Decision Tree
Caleb Jin / 2019-09-27
Decision tree methods are simple and easy to interprete. It includes regression tree, classification tree. Although they are not competitive with other supervised learning methods in terms of prediction performance, many excellent approaches, such as random forests and boosting, involves decision tree methods and yield a single consensus prediction. These methods combine a large number of trees, leading to dramatic improvements in prediction accuracy at the cost of interpretation ability and computation burden.
Regression Trees
Let’s start with a simple model setting. Consider we have a continuous response variable \({\bf y}=(y_1,y_2, \ldots, y_n)\) and one predictor \({\bf x}= (x_1, x_2, \ldots, x_n)^{{\top}}\).
The decision tree starts with splitting the predictor \({\bf x}\),
- We partition \({\bf x}\) into two distinct regions \(R_1(s) = \{{\bf x}|{\bf x}<s\}\) and \(R_2(s) = \{{\bf x}|{\bf x}\geq s\}\).

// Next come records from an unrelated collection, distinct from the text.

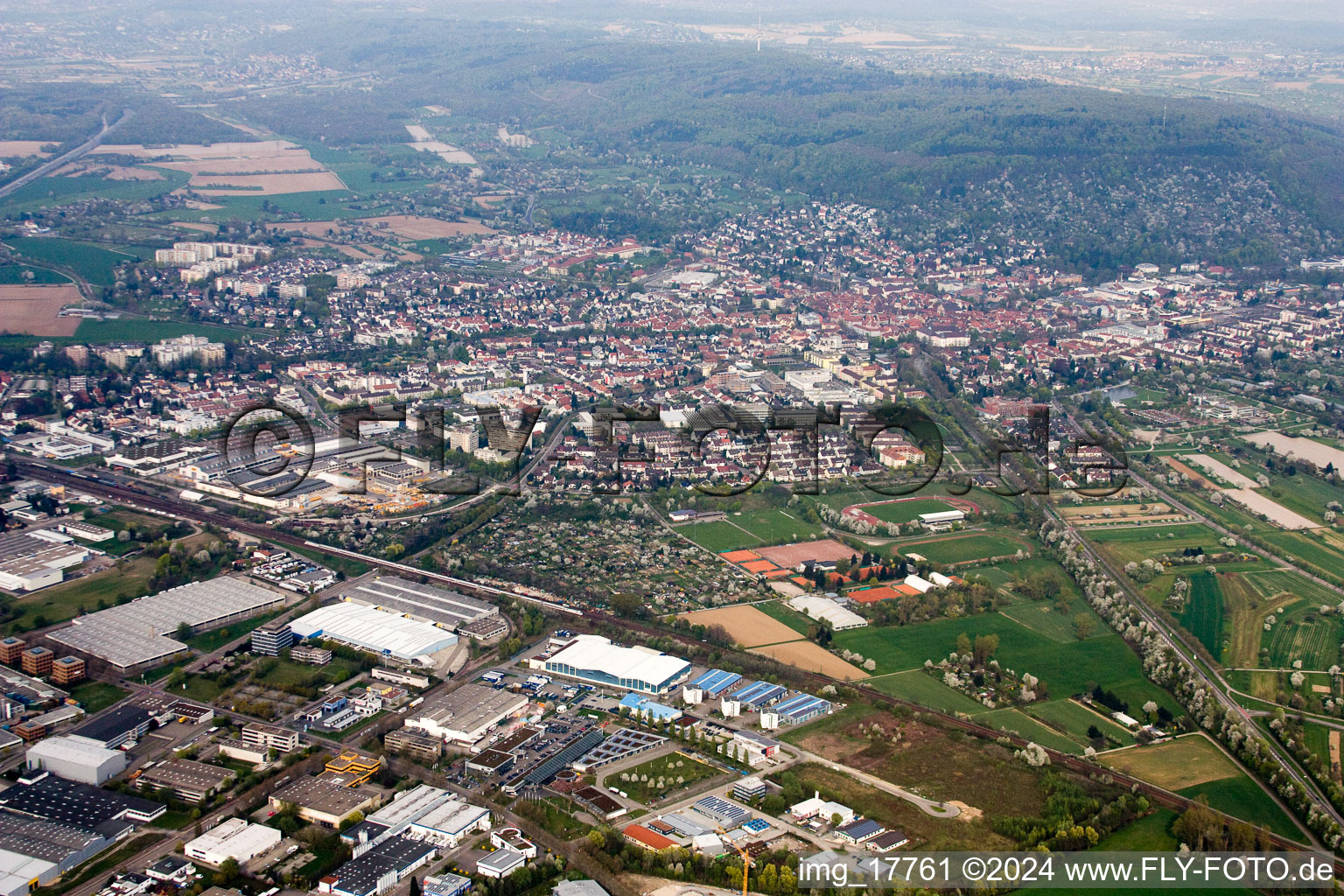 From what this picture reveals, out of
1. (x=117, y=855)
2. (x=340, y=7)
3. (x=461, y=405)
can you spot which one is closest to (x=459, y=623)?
(x=117, y=855)

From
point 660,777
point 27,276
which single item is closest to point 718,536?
point 660,777

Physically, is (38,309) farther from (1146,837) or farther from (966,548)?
(1146,837)

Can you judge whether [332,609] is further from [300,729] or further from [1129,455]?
[1129,455]

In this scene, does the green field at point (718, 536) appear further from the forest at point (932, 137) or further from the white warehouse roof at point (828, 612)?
the forest at point (932, 137)

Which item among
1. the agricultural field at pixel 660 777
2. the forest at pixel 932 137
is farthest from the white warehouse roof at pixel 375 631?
the forest at pixel 932 137

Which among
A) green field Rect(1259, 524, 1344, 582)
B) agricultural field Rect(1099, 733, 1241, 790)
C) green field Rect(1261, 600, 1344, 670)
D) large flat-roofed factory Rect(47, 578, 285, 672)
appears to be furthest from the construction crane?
green field Rect(1259, 524, 1344, 582)

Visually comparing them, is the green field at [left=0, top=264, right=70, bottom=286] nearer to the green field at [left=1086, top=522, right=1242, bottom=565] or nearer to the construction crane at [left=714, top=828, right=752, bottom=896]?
the green field at [left=1086, top=522, right=1242, bottom=565] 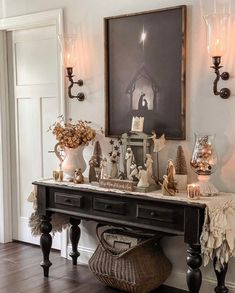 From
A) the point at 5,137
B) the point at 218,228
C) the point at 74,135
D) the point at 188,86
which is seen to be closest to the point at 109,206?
the point at 74,135

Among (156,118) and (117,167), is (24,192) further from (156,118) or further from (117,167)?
(156,118)

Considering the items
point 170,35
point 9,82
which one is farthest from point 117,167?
point 9,82

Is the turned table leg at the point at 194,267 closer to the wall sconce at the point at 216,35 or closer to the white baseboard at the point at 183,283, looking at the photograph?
the white baseboard at the point at 183,283

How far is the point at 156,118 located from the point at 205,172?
0.61 m

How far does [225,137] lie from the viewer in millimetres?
3080

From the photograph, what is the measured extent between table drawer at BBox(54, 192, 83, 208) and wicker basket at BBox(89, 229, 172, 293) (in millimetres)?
328

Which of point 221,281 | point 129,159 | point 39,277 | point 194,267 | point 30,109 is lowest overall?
point 39,277

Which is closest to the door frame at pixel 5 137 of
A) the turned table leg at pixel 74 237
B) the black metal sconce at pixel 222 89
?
the turned table leg at pixel 74 237

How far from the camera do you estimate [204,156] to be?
9.76 ft

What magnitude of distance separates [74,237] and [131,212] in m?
0.99

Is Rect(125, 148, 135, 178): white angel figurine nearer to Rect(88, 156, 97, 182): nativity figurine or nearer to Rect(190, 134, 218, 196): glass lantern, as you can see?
Rect(88, 156, 97, 182): nativity figurine

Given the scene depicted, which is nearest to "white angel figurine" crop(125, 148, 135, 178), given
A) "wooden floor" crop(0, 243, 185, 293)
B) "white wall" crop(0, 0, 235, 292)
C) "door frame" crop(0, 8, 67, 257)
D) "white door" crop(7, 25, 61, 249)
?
"white wall" crop(0, 0, 235, 292)

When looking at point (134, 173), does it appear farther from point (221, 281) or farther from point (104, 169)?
point (221, 281)

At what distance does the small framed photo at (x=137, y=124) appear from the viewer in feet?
10.8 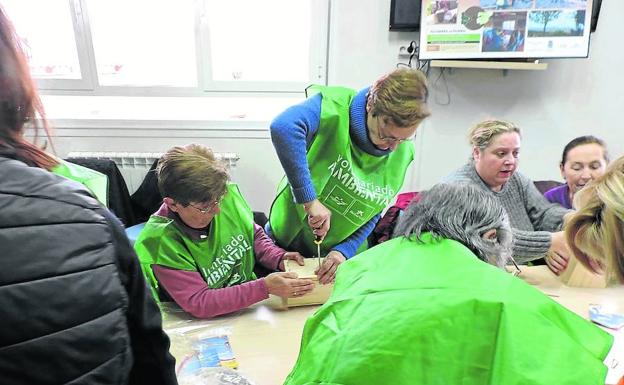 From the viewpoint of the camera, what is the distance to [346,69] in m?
2.84

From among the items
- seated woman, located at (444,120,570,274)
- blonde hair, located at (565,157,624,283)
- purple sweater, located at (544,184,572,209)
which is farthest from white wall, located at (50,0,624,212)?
blonde hair, located at (565,157,624,283)

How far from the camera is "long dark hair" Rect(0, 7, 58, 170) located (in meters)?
0.56

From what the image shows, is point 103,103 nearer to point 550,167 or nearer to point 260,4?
point 260,4

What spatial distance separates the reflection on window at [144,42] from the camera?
283cm

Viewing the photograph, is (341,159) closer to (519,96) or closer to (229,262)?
(229,262)

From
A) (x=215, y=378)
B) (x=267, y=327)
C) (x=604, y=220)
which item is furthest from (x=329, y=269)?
(x=604, y=220)

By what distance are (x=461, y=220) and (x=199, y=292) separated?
77 cm

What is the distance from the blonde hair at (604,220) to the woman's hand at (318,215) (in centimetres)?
68

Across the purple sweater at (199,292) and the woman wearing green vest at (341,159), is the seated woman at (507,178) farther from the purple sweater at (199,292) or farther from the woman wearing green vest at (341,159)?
the purple sweater at (199,292)

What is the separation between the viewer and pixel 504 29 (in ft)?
8.82

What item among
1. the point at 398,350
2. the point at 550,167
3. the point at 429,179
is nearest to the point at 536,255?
the point at 398,350

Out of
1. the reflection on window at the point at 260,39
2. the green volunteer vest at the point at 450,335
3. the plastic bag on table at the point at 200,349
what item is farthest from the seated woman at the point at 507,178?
the reflection on window at the point at 260,39

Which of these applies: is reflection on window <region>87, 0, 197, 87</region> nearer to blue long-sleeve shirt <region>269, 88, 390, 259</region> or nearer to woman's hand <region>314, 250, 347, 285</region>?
blue long-sleeve shirt <region>269, 88, 390, 259</region>

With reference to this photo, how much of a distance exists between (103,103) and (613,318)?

- Since all observations are divided into two regions \(R_1(s)\) or \(R_2(s)\), we make the same prediction for each region with \[ \hat y_{R_1}=\frac{1}{n_1}\sum_{i:x_i\in R_1} y_i,\] \[\hat y_{R_2}=\frac{1}{n_2}\sum_{i: x_i\in R_2} y_i,\] where \(n_1\) and \(n_2\) are number of observations in \(R_1\) and \(R_2\), respectively.
The question is how to determine the value of cutpoint \(s\) to partition \({\bf x}\) into \(R_1\) and \(R_2\).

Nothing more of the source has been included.